The Week In Review


The major averages pulled back to end the week as rising new coronavirus cases, coupled with questions around central-bank funding for key emergency programs, cast doubt on a swift economic recovery. The Dow Jones Industrial Average dropped 219 points, or 0.8%, to close at 29,263. The S&P 500 dipped 0.7% to 3,557. The Nasdaq Composite pulled back by 0.4% to end the day at 11,854.

Boeing and Salesforce were the worst-performing stocks in the Dow, falling 2.9% and 2.5%, respectively. Technology and industrials dropped 1.1% and 0.9%, respectively, to lead the S&P 500 lower.

The U.S. seven-day average of daily new Covid-19 infections now stands at 165,029, according to a CNBC analysis of John Hopkins data, 24% higher than a week ago. On Thursday alone, a record 187,833 cases were reported. Many states have rolled back reopening plans and implemented fresh restrictions to curb the spread.

California Gov. Gavin Newsom on Thursday issued a "limited Stay at Home Order" on a majority of the state's residents, requiring nonessential work and gatherings to cease between 10 p.m. and 5 a.m. Meanwhile, the Centers for Disease Control and Prevention advised Americans against traveling for Thanksgiving.

JPMorgan economists wrote in a note that coronavirus-related restrictions will "likely deliver negative growth" in the first quarter of 2021. They also downgraded their first-quarter GDP outlook to a contraction of 1%, making them the first Wall Street economists to forecast negative GDP for the start of next year.
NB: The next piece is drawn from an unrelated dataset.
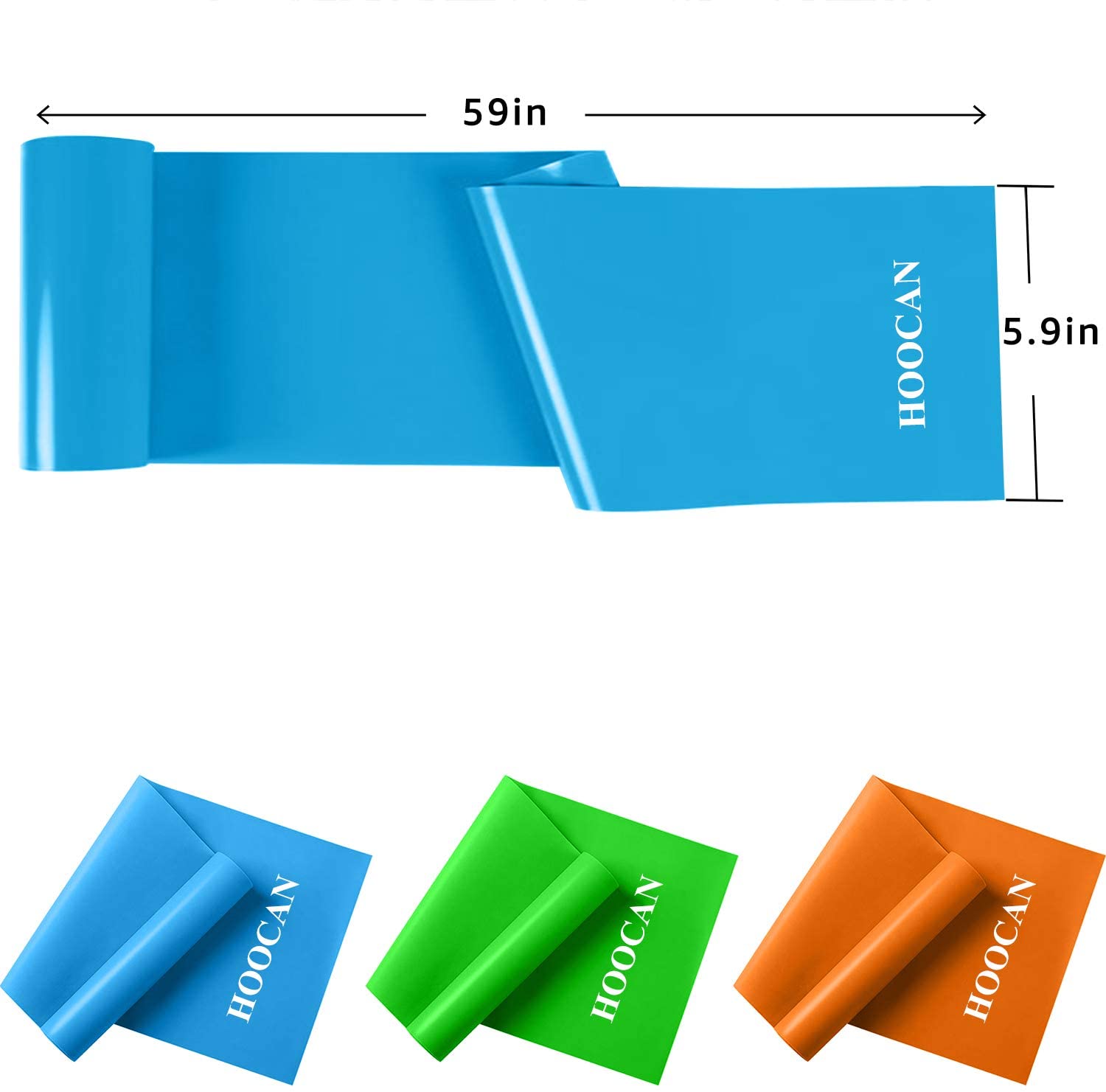 resistance bands set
Friday's losses led the Dow and S&P 500 to their first weekly declines in three weeks. The Dow fell 0.7% this week and the S&P 500 lost 0.8% in that time period.

Also weighing on sentiment Friday was a disagreement between the Treasury Department and the Federal Reserve over the continuation of funding for some of the emergency programs implemented during the recession.

Treasury Secretary Steven Mnuchin is seeking to end a handful of the Fed facilities that bought corporate bonds as well as the Main Street Lending Program targeted towards small- and medium-sized businesses. The move has drawn pushback from the central bank, which said the programs continue to serve an important role to support the vulnerable economy.

U.S. Treasuries finished on a higher note, more so on the longer-end of the curve. The 2-yr yield decreased two basis points to 0.15%, and the 10-yr yield decreased three basis points to 0.83%. The U.S. Dollar Index increased 0.1% to 92.39. WTI crude rose 1.0%, or $0.42, to $42.17/bbl.